Pictorial structure and clarity are the foundation of Cassatt's art. Under Edgar Degas' tutelage, she began to collect and study Japanese prints; their patterns and asymmetric designs greatly influenced her work. Here she placed the girl, the focus of the composition, off-center. The armchairs form a pattern encircling an oddly shaped patch of gray floor in the middle of the picture. As in Japanese art, the forms are tilted up, and the edge of the canvas crops the image.
Cassatt's strong colors and energetic brushwork mark her connection with the French impressionists. In style and subject matter, her art is close to that of Degas and Edouard Manet. Degas, in fact, made suggestions about the composition of this painting and reworked parts of its background.
In Cassatt's pictures, light does not dissolve form. Instead, objects retain their mass and coherence with light enhancing their physical presence.
This painting is the second of two portraits by Mary Cassatt thought to be of Mary Ellison. Cassatt painted the first in 1877, shortly after she met Miss Ellison through their mutual friend, Louise Waldron Elder (later Mrs. H. O. Havemeyer, a well-known American art collector and a patron of Cassatt). Cassatt does not flatter but, rather, concentrates on Miss Ellison's contemplative mood.
In this painting, Cassatt demonstrates her affinities with the impressionists. Her brushwork is open and sketchy, and she favors a strong compositional structure over pictorial detail. The mirror behind Ellison was a device the artist used often; its presence allowed the expansion of the composition's implied space to include areas that the viewer could not otherwise see.
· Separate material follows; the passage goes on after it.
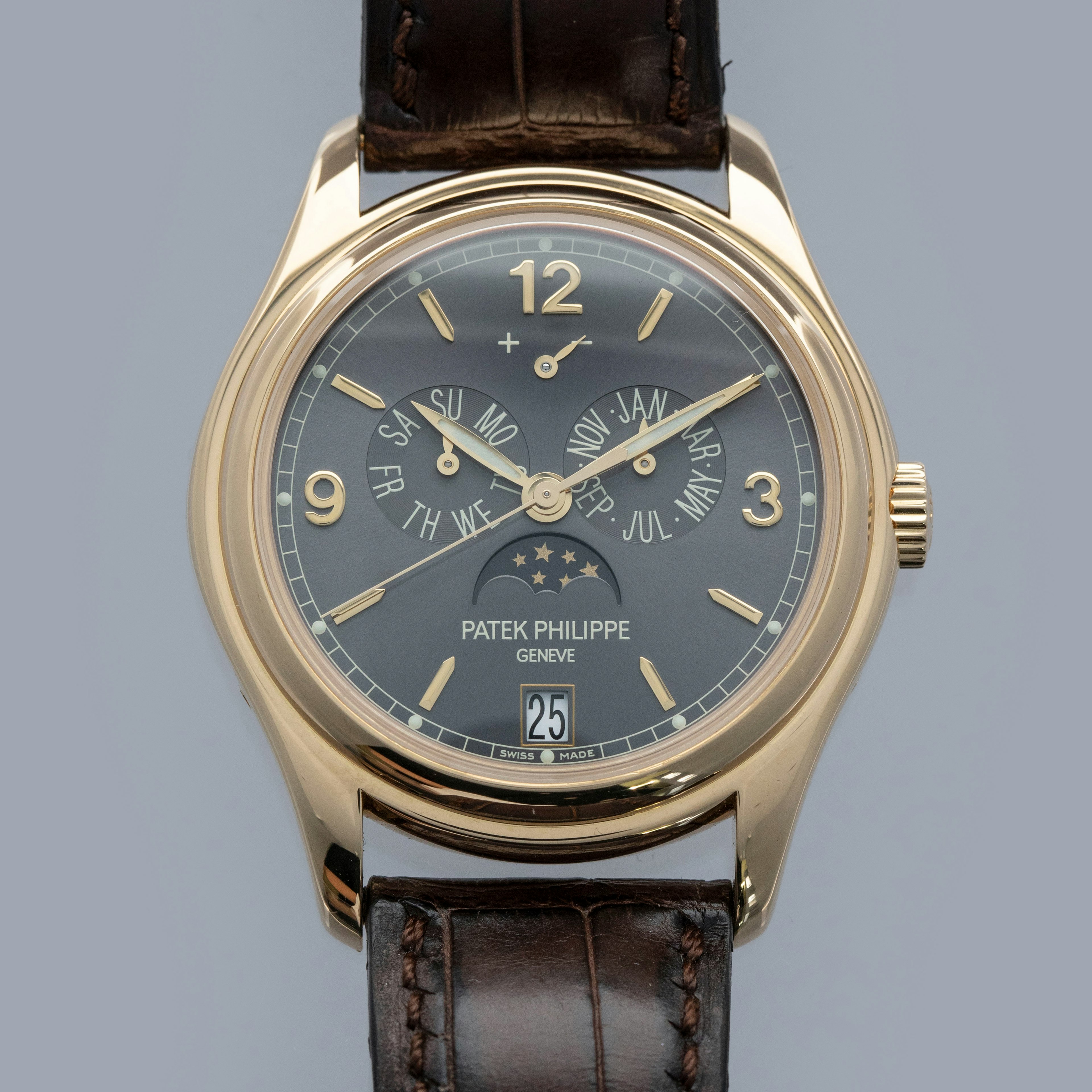 Thumbnail for Patek Philippe Annual Calendar 5146J-010 Slate Dial 18k YG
A cultivated woman, Mary Cassatt was at home at the theater and opera. In The Loge she depicts two elegantly dressed young women who sit primly in their theater box absorbed in the performance below. The figures are shown close-up, suggesting that we share both their vantage point and their experience of the performance. Reflected in a large mirror behind them, a glittering chandelier illuminates the tiers of gilded balconies that curve majestically around the auditorium. Aware that they are on view from the other boxes, the young women appear slightly self-conscious. One young woman retreats behind her fan. The other clutches her bouquet; her carefully neutral expression establishes a discreet emotional distance.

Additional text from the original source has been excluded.